Concrètement dans cette école, nous essayons d’appliquer les résultats de la recherche à tous les niveaux : par exemple dans le choix des horaires, plus les enfants grandissent plus ils commencent tard le matin parce que le cycle de la mélatonine qui évolue rend l’arrivée à l’école à 8h du matin plus difficile. Les temps de travail aussi sont différents : les plus grands ont une plage de 4h le matin avec une pause mais jusqu’à 13h et finissent en même temps que les plus jeunes, pas trop tard à 16h15. Pour la qualité relationnelle, ce sont surtout des retours explicites ; pour la didactique, c’est la prise en compte des travaux les plus récents portant sur les méthodes et pratiques concrètes d’enseignement les plus performantes dans les disciplines. Personnellement je m’occupe surtout d’intégrer le développement des compétences socio-émotionnelles aux enseignements généraux. Cela peut être à travers des projets ou à travers la formation des enseignants à des dispositifs et des outils permettant de les accompagner au quotidien. La modélisation est aussi une de nos pratiques : nous avons beaucoup de co-enseignement : jusqu’en 6e il y a toujours deux enseignants dans la classe (un francophone, un anglophone) et les enfants voient ainsi des enseignants collaborer, ce qui peut leur servir de modèle ensuite lorsqu’ils ont eux aussi à travailler à plusieurs. Au collège ensuite, il y a toujours deux classes en parallèle ce qui favorise des regroupements et là encore de voir la collaboration des adultes.

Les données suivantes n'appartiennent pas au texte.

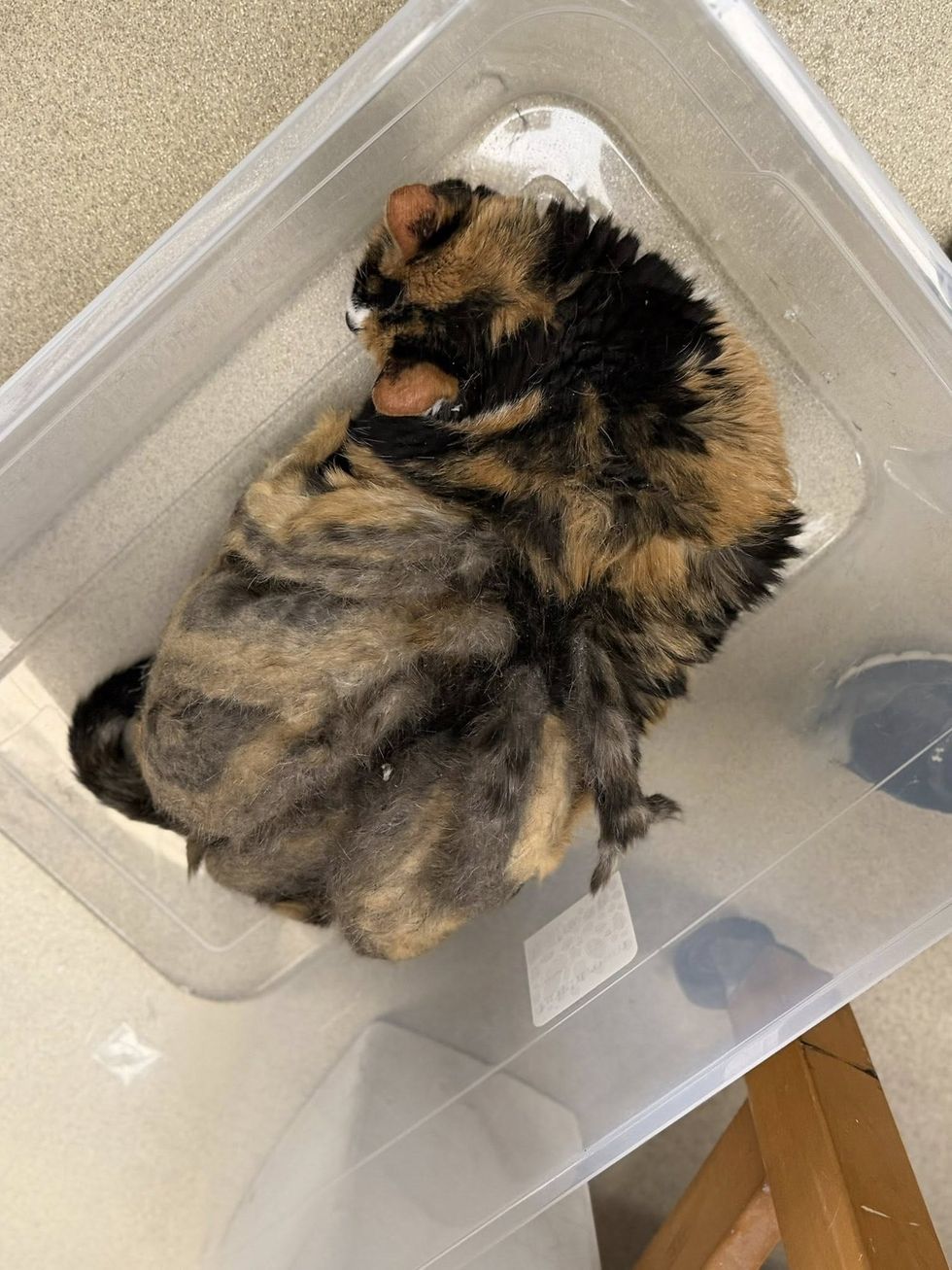 senior cat in a plastic box
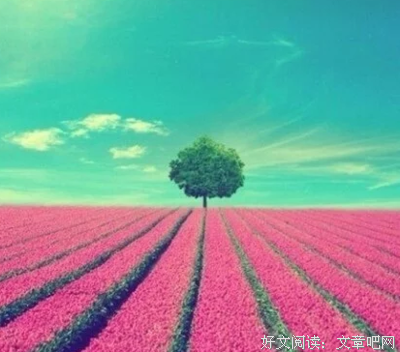 愿一生一第认能一双人的优美句子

Un petit mot à destination des jeunes autour du thème du bien-être et du vivre ensemble ?
P. HAAG :
J’aimerais surtout leur dire que nous sommes tous différents, nous avons tous des vraies forces et des choses sur lesquelles nous avons besoin de travailler, même ceux qui font semblant de ne pas en avoir ; et cela inclut aussi les adultes ! En France, nous avons tendance à beaucoup nous dévaloriser, alors surtout, qu’ils cherchent à découvrir, à explorer leurs forces et à s’appuyer dessus parce que c’est vraiment cela qui leur permettra d’avancer et de trouver leur voie.